Gerard Depardieu

Nacionalidad: Francia

Gerard Depardieu

Nombre real:
Sin especificar
Lugar de Nacimiento:
Châteauroux, Indre, Francia

Biografía:

Tuvo una adolescencia difícil en la que llegó a rozar la delincuencia juvenil. Trabajó en una imprenta hasta que, atraído por el mundo del teatro, se traslada a París.
Cuando tenía diecisiete años rodó un cortometraje de Roger Leendhardt "Le beatnik et le minet" (1965). Los años siguientes los dedicó por entero a teatro pero en 1971 volvió al cine con el enorme éxito de "Los rompepelotas". Luego vendrían "Novecento" y "Cyrano de Bergerac" con la que le llega su verdadera consagración tanto en el plano nacional como internacional.
Su interpretación del poeta le valió una nominación al Oscar como mejor protagonista en 1990. Más tarde otros éxitos como "Matrimonio de conveniencia", "1942, La conquista del Paraíso" y en 1997, "El hombre de la máscara de hierro" donde tenía como compañeros de reparto a Leonardo de Caprio, John Malkovich o Jeremy Irons.
Está considerado como el mejor actor francés contemporáneo y en función a su reconocimiento ha sido premiado en Montreal, Venecia y Cannes; además obtuvo un Globo de Oro por "Matrimonio de conveniencia", y la nominación al Oscar anteriormente citada.
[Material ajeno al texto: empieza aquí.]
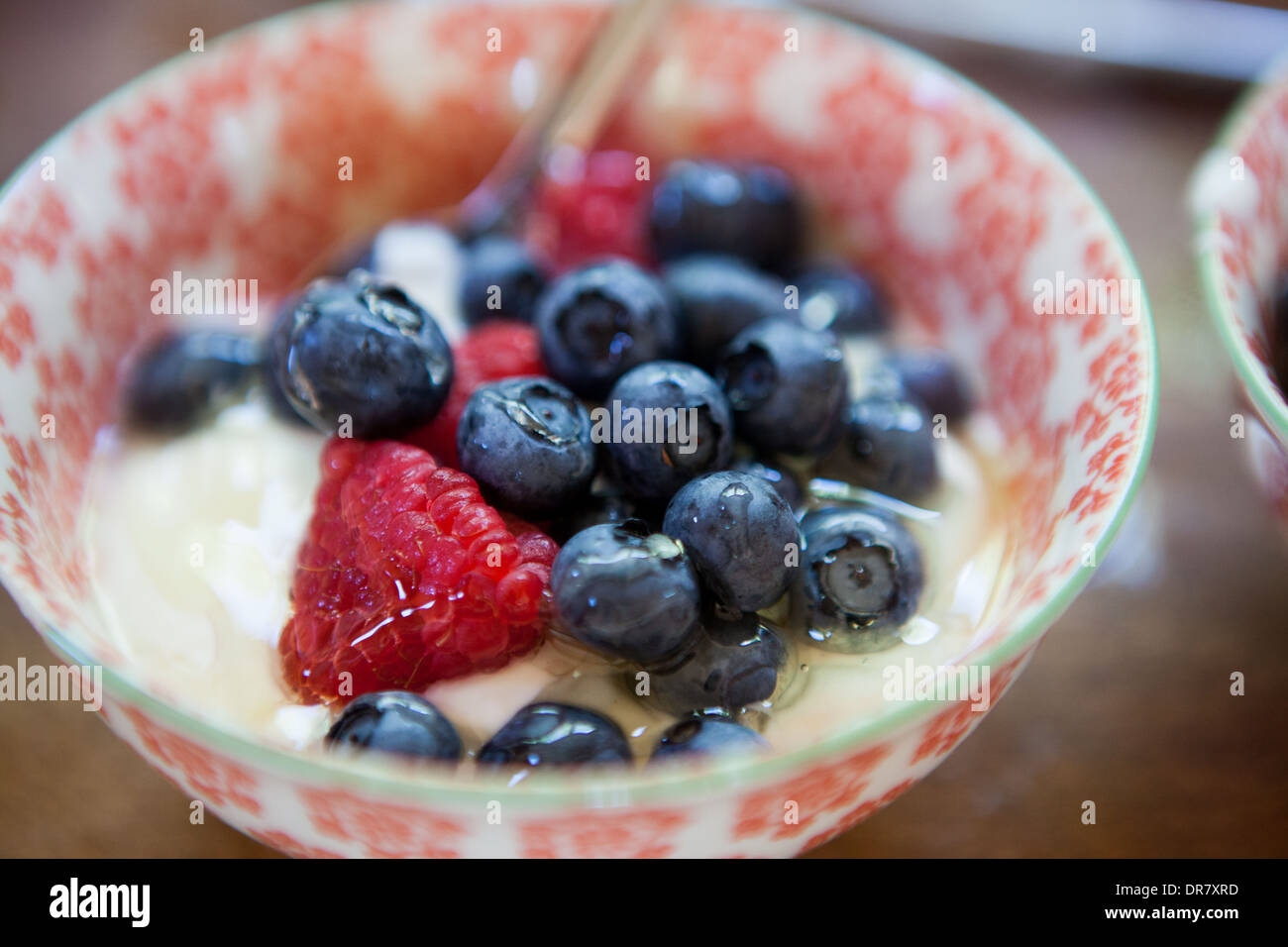 Frühstück, gesund, Obst, Heidelbeeren, Himbeeren, Joghurt, Honig Stockfoto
Su larga carrera en cine y teatro dura más de tres décadas y parece ser que la saga Depardieu tiene su continuación en Guillaume, hijo de Gerard junto al que trabajó ya en 1992 en la producción francesa "Todas las mañanas del mundo".
 
Hace gala de una mezcla de espontaneidad y de profundidad y cierto gusto por el riesgo que le conducen a llevar a cabo bruscos cambios de papeles o de registros como ha demostrado la confianza que manifiesta hacia realizadores poco conocidos.
 
Sabe elegir sus papeles y este claro discernimiento le han hecho contribuir al éxito de autores difíciles como Marguerite Duras, Marco Ferreri, Maurice Pailat o Alain Resnais, aunque nunca ha olvidado los proyectos meramente comerciales que le permiten sobrevivir econónomicamente.
Su aspecto vigoroso y rudo mezclado con cierta dulzura infantil le confieren un encanto difícilmente resistible.